Work to complete
Your reply should hold every entry below exactly as written and none of the pictures.

Short web captions
┌──
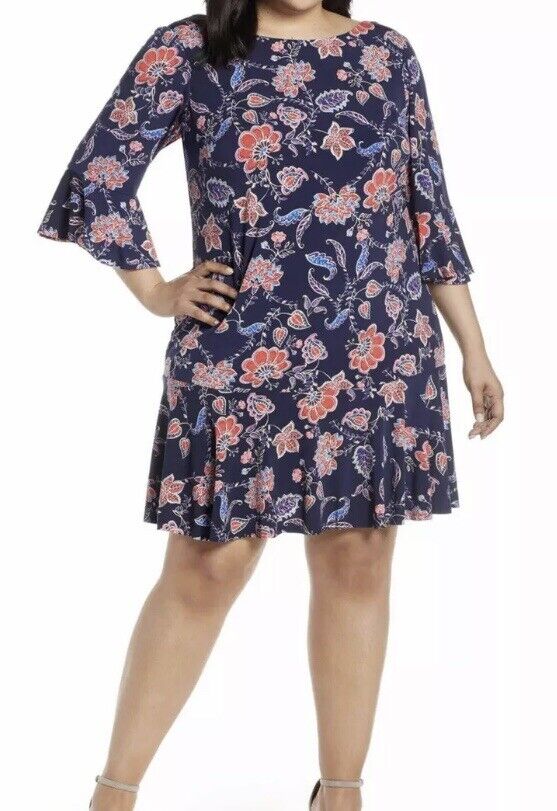 Eliza J Bell Sleeve Scoop Back Floral Dress Retail $128 Price $64 20W NWT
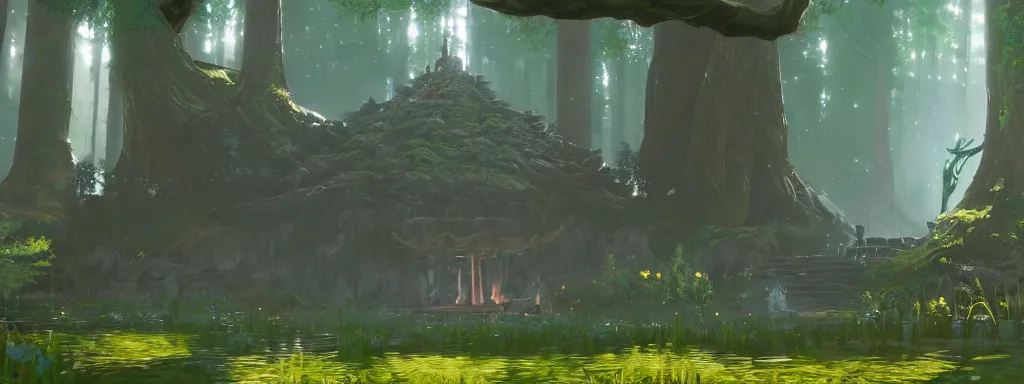 Prompt: matte painting of a magnificent ethereal wishing well in forest glade by Zelda breath of the wild, 8k, ultra hd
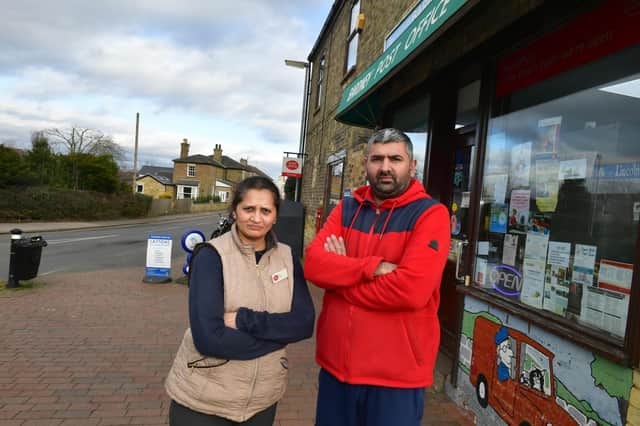 Postmasters Hira and Ram Odedra at Bardney post office.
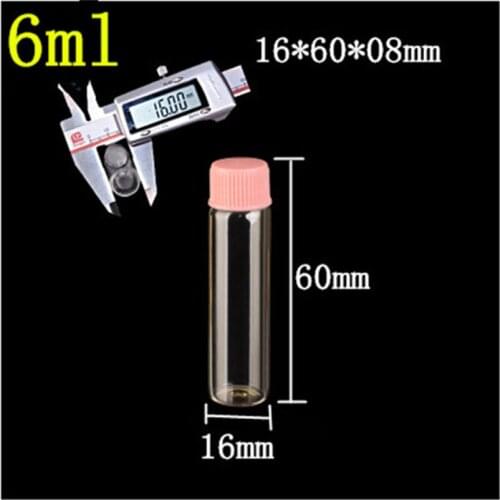 100 pcs 8 mm Screw Mouth 16x60 mm Glass Bottles With Pink Plastic Cap DIY 6 ml Empty Small Containers Bottles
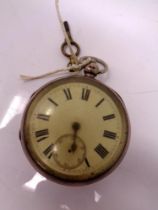 A silver open faced key wound pocket watch.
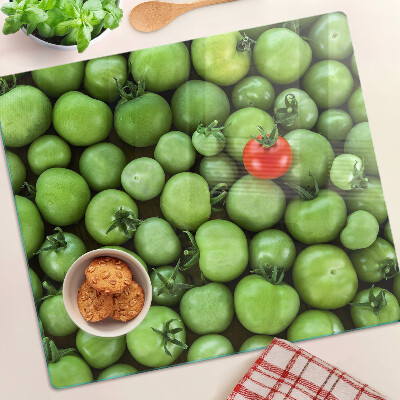 Schneidebrett glas Grüne Tomaten mit rotem Akzent
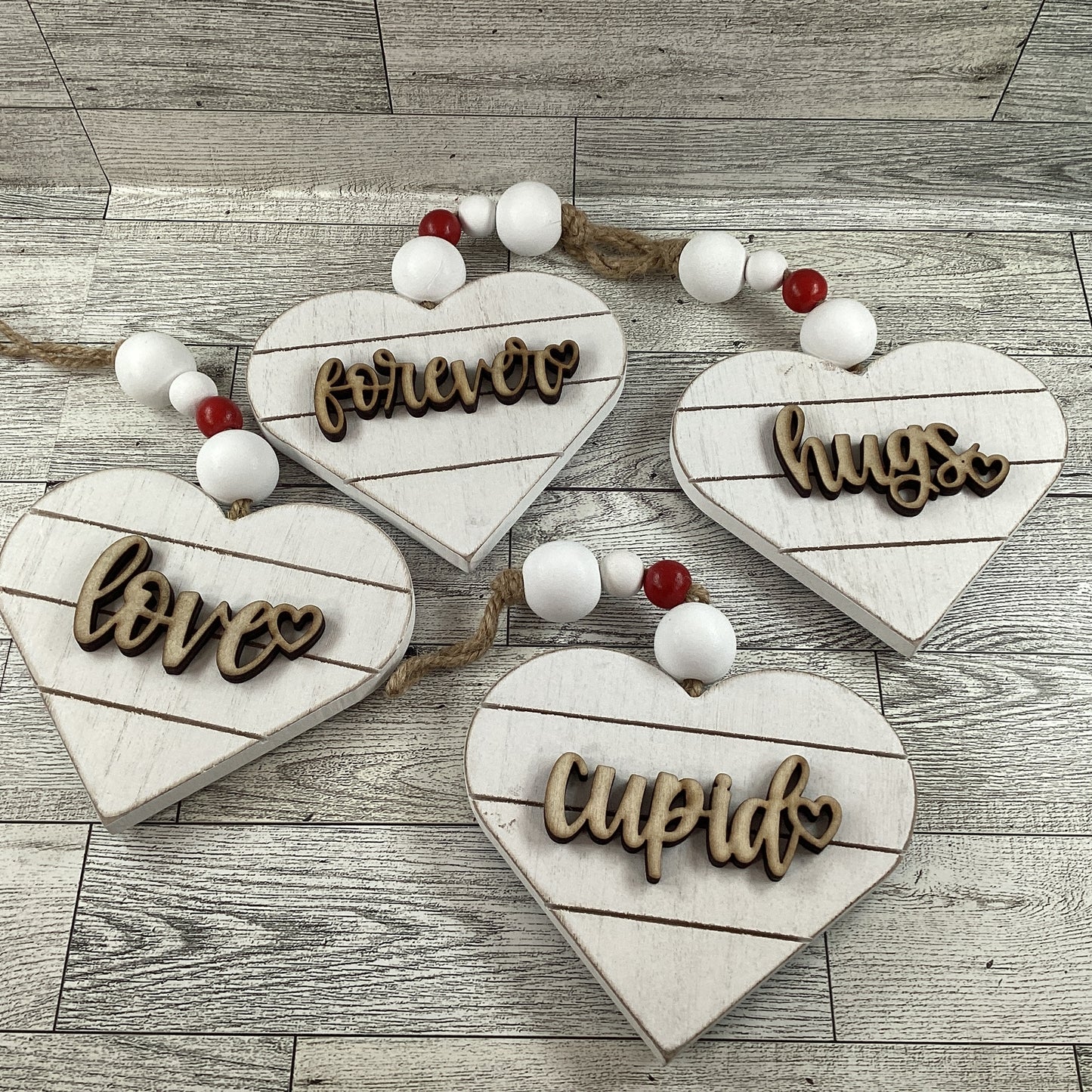 AGD Valentines Decor - Buffalo Plaid Layer Wood Ornaments 4pc Set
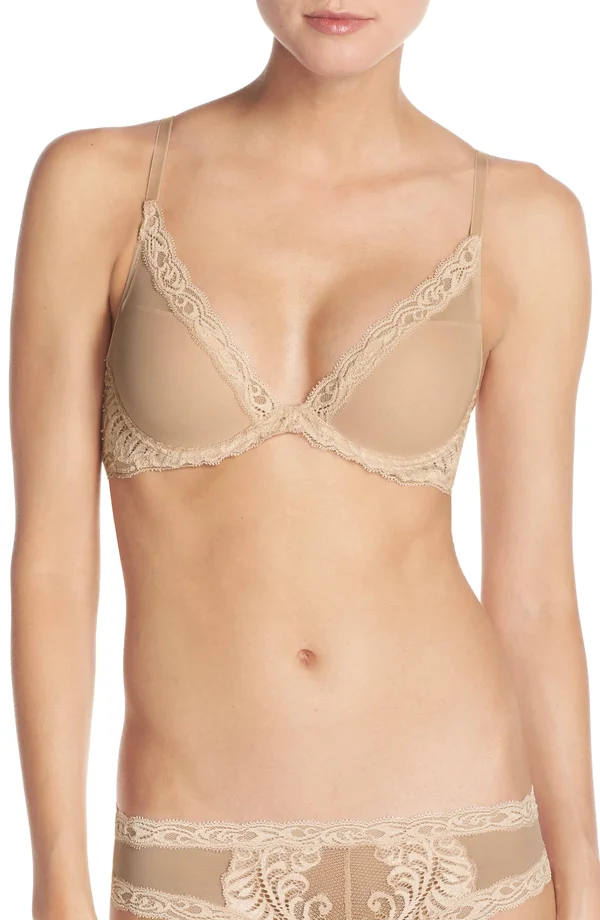 Natori Feathers Contour Plunge Bra - Size 36DDD - Cameo Rose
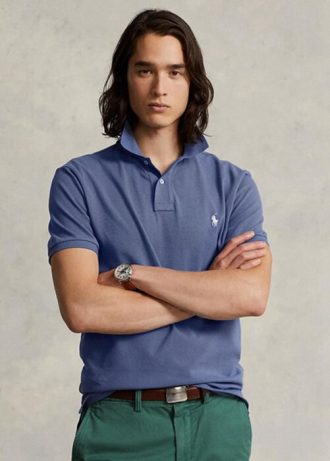 Mavi Erkek Ralph Lauren Özel Slim Fit File Polo Tişörtler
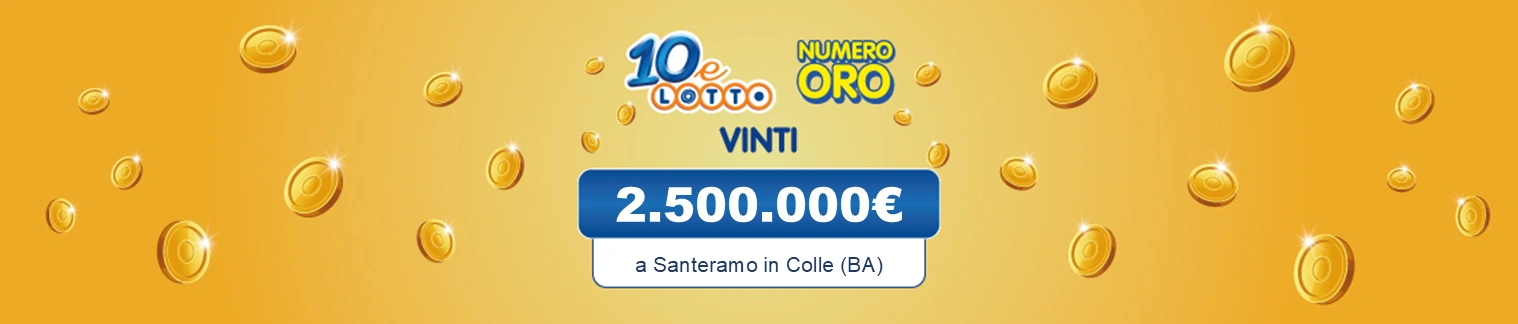 Martedì 18 novembre. A Santeramo in Colle (BA) in via Cassano vincita di 2.500.000€. 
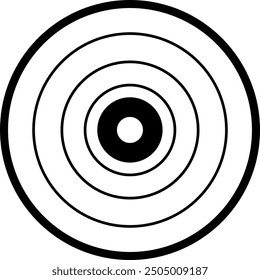 Black and white concentric circles forming a vinyl record symbol.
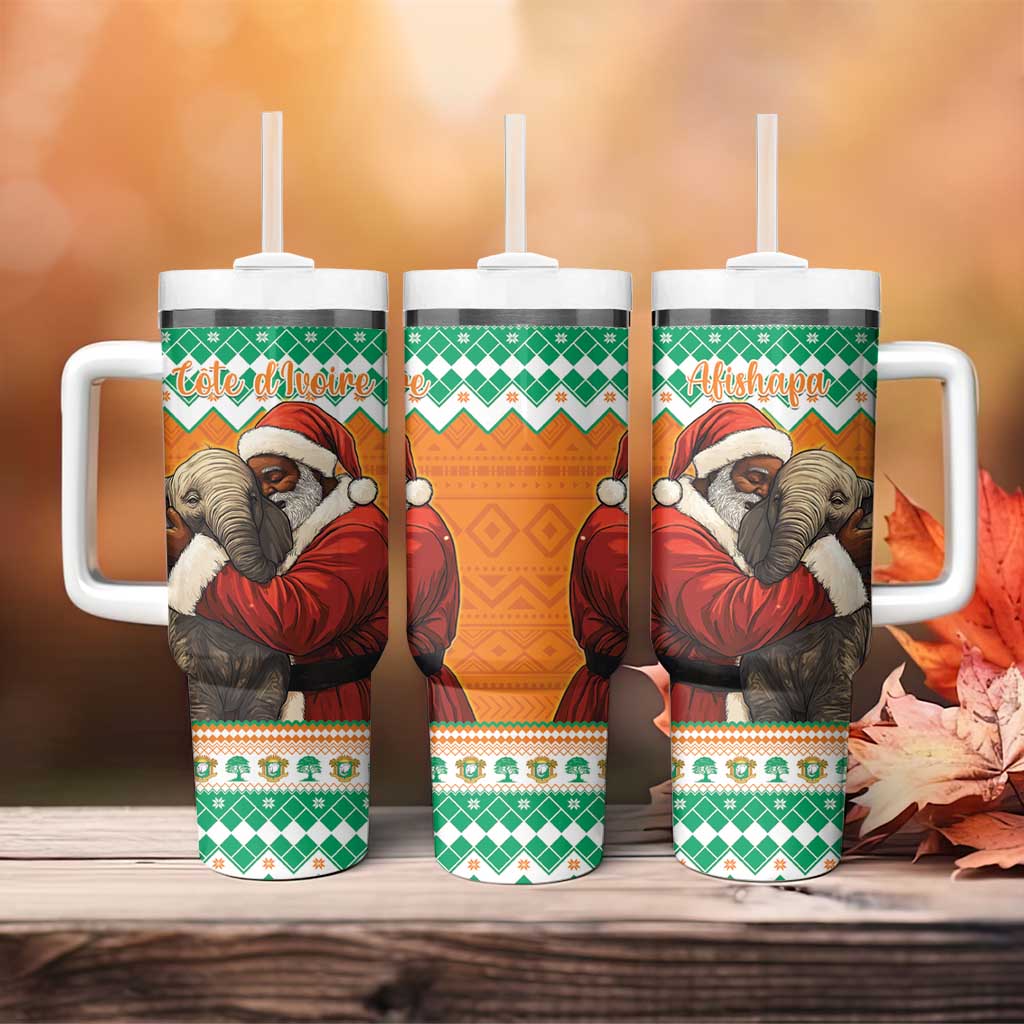 Ivory Coast Christmas Tumbler With Handle Black Santa With Forest Elephant - Wonder Print Shop
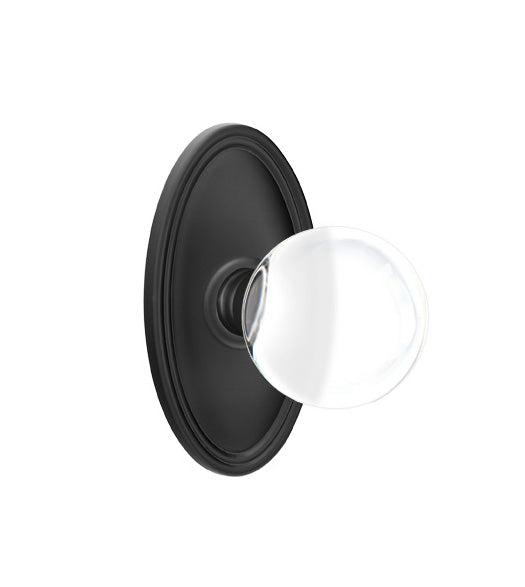 Clear Crystal Bristol Knob with Oval Rose, Emtek 8520BL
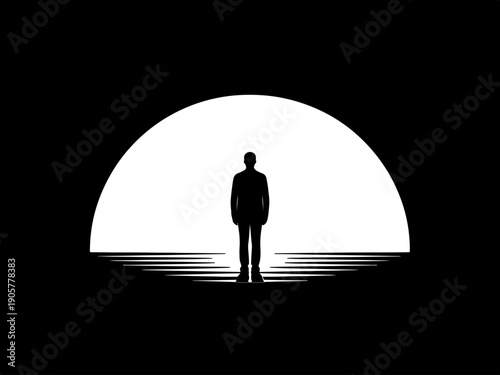 Silhouette of lone man standing before semicircle sun with red ground lines, contemplative mood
└──
Solution for this problem
 Eliza J Bell Sleeve Scoop Back Floral Dress Retail $128 Price $64 20W NWT
 Prompt: matte painting of a magnificent ethereal wishing well in forest glade by Zelda breath of the wild, 8k, ultra hd
 Postmasters Hira and Ram Odedra at Bardney post office.
 100 pcs 8 mm Screw Mouth 16x60 mm Glass Bottles With Pink Plastic Cap DIY 6 ml Empty Small Containers Bottles
 A silver open faced key wound pocket watch.
 Schneidebrett glas Grüne Tomaten mit rotem Akzent
 AGD Valentines Decor - Buffalo Plaid Layer Wood Ornaments 4pc Set
 Natori Feathers Contour Plunge Bra - Size 36DDD - Cameo Rose
 Mavi Erkek Ralph Lauren Özel Slim Fit File Polo Tişörtler
 Martedì 18 novembre. A Santeramo in Colle (BA) in via Cassano vincita di 2.500.000€. 
 Black and white concentric circles forming a vinyl record symbol.
 Ivory Coast Christmas Tumbler With Handle Black Santa With Forest Elephant - Wonder Print Shop
 Clear Crystal Bristol Knob with Oval Rose, Emtek 8520BL
 Silhouette of lone man standing before semicircle sun with red ground lines, contemplative mood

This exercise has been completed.